Of course, it takes that long for the really ugly bugs (self-reformatting 
disks, irreversably corrupted desktops...) to be discovered and the tools 
for editing the proprietary binary files, to be developed.

> >In summary, it's amazing to see so much backlash against an OS that quite
> >arguably is moving the PC market forward further than it has seen in close
> >to a decade.  In nearly all fronts -- networking, messaging, telephony,
The only market it has moved forward is the Microsoft market.  And 
compared to SCO, Solaris, Interactive, Linux, or BSDI, Windows95 is still 
in the "stone age".

> >Internet,

I was running Internet servers on PCs running SCO and Interactive 2 years 
before NT was even announced.  I was using a 386/16, slow SCSI, 8 meg of 
RAM, and a 200 Meg drive.  I needed 100 Meg for the News Feed, and used 
60 meg for the swap drive.

> >multimedia, gaming, hardware compatibility, and general OS architecture, it
> >is steps beyond any desktop OS that I've ever used.

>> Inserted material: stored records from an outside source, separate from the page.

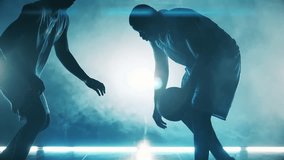 Dark room with smoke and two sportsmen training with basketball - Powered by Shutterstock - Get 15% off with code: PIKWIZARD15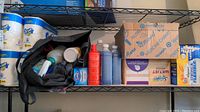 Shot of metal shelf with cleaning products, paper towels, and boxed items including facial tissues and trash bags, plus various bottles in a black bag
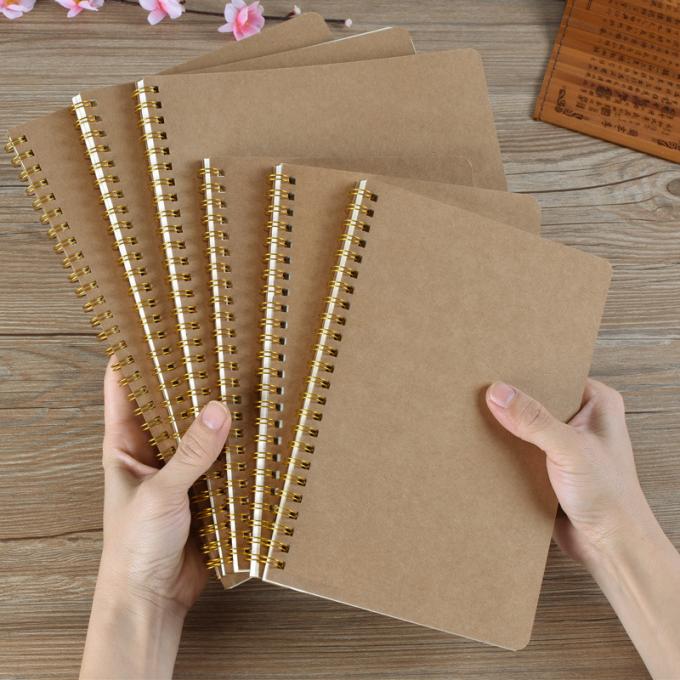 El enrejado de encargo reciclado al por mayor del Hardcover alineó el cuaderno espiral de Offic A5 Kraft del espacio en blanco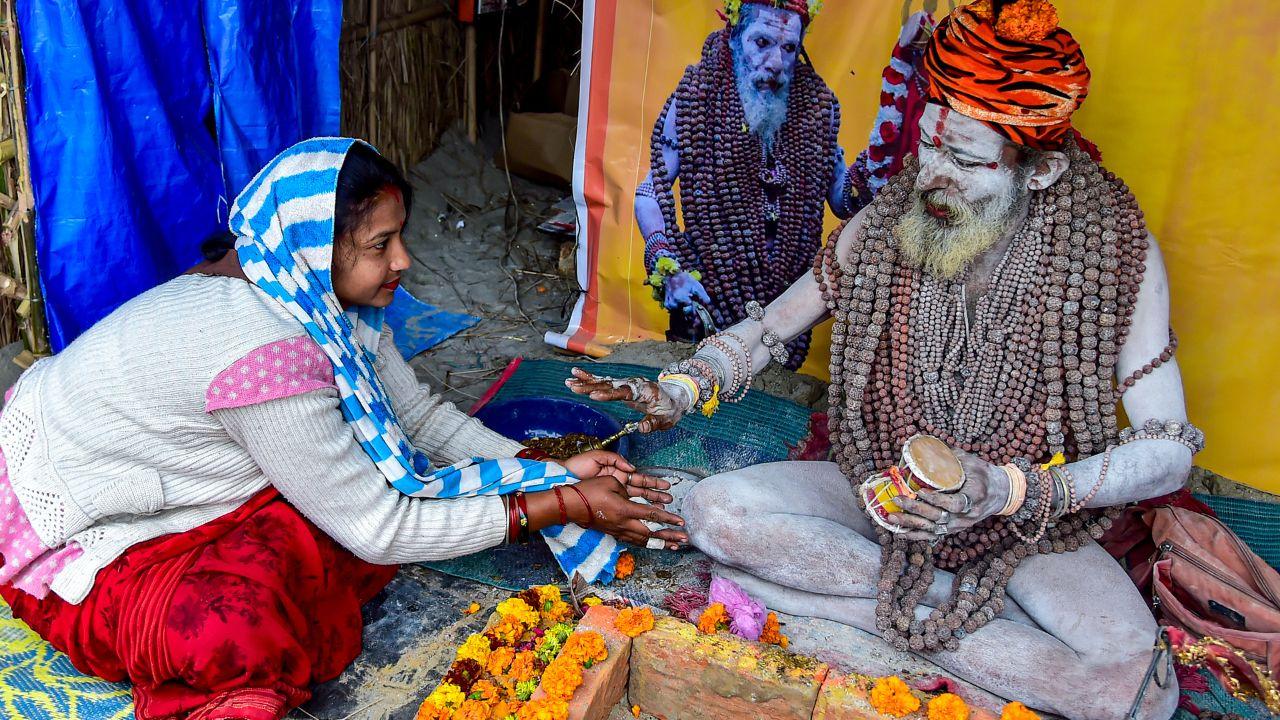 A woman seeks blessings from a 'Naga sadhu' of the Niranjani Akhara in Prayagraj, Uttar Pradesh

This could be either an admission of ignorance (contempt prior to 
investigation), arrogance (being right regardless of evidence to the 
contrary), extravegance (I have my toy, and that makes it better than 
yours), or flamboyance (as P.T. Barnum said, "there's one born every 
minute").

My prediction is that within 7 days of the official unveiling of 
Windows95, Bill Gates will be announcing the "Future release of a 
super-duper-better-than-unix-operating-system" that does almost 
everything Linux or UNIX does today like:
	3D Graphics - (PEX/PHIGS,GKS)
	Kernal Level Security (Unix kernal)
	A self-cleaning system (Unix cleans up it's memory leaks).
	SMP Capability (Tuxedo, SMP)
	Kerberos style authentication.
	Internet Firewall Security (A configuration option for Linux).
	Multitasking oriented Display (as opposed to "Primary Display" 
		oriented  Windows.
	A stream oriented IPC.

> I am not going to use Win95, Jeremy, under any circumstances, and I have no
> intention of being left anywhere.    The system's will be very tough for
> most people to swallow in the near term.  The transition will take
> considerable time and effort, last far into 1996, and cost much more than
> advertised, for most people.

My bet is that people aren't going to wait.  Generation-X is much more 
technically sophisticated than their "Boomer" predecessors.  It won't be 
long before enterprising technicians start billing themselves as 
Unix/Internet installers.  Within a year or two, some variant of Unix 
with X11/R6 (and future R7) and ATK will be the emerging market (it's 
already the fastest growing market segment).  By the year 2000, Microsoft 
will either be marketing it's own version of Unix, or will have thrown 
it's weight behind some version of Unix (Gates does own 25% of SCO).

> Keep the faith....

	Rex Ballard
	Standard & Poor's/McGraw-Hill
	Opinions expressed do not necessarily reflect
	the Management of the McGraw-Hill Companies.